ECLI:NL:RVS:2005:AT4270

Raad van State

Datum uitspraak
20 april 2005
Publicatiedatum
4 april 2013
Zaaknummer
200406839/1
Instantie
Raad van State
Type
Uitspraak
Rechtsgebied
Bestuursrecht
Procedures
  • Hoger beroep
Rechters
  • D.A.C. Slump
  • M. Duursma
Vindplaatsen
  • Rechtspraak.nl
AI samenvatting door LexboostAutomatisch gegenereerd

Weigering aanlegvergunning voor dempen van sloot in agrarisch gebied

In deze zaak gaat het om het hoger beroep van een appellant tegen de weigering van het college van burgemeester en wethouders van Schagen om een aanlegvergunning te verlenen voor het dempen van een sloot. De vergunning was oorspronkelijk verleend op 28 november 2000, maar na bezwaar van een derde partij heeft het college deze vergunning op 25 februari 2003 alsnog geweigerd. De rechtbank Alkmaar verklaarde het beroep van de appellant ongegrond op 9 juli 2004. De appellant heeft hiertegen hoger beroep ingesteld bij de Raad van State, die de zaak op 22 maart 2005 heeft behandeld.

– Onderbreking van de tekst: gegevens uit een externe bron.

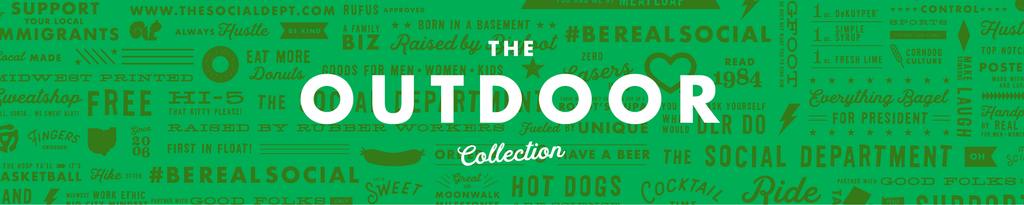 Outdoor Apparel and Gifts | The Social Dept.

De Raad van State overweegt dat de rechtbank terecht heeft geoordeeld dat de derde partij als belanghebbende kan worden aangemerkt, ondanks dat het bezwaarschrift niet binnen de wettelijke termijn was ingediend. De rechtbank heeft ook terecht vastgesteld dat de aanvraag van de appellant niet voldeed aan de bestemmingsplanvoorschriften, die vereisen dat de demping van de sloot niet leidt tot onaanvaardbare aantasting van het kleinschalige verkavelingspatroon en andere landschappelijke elementen.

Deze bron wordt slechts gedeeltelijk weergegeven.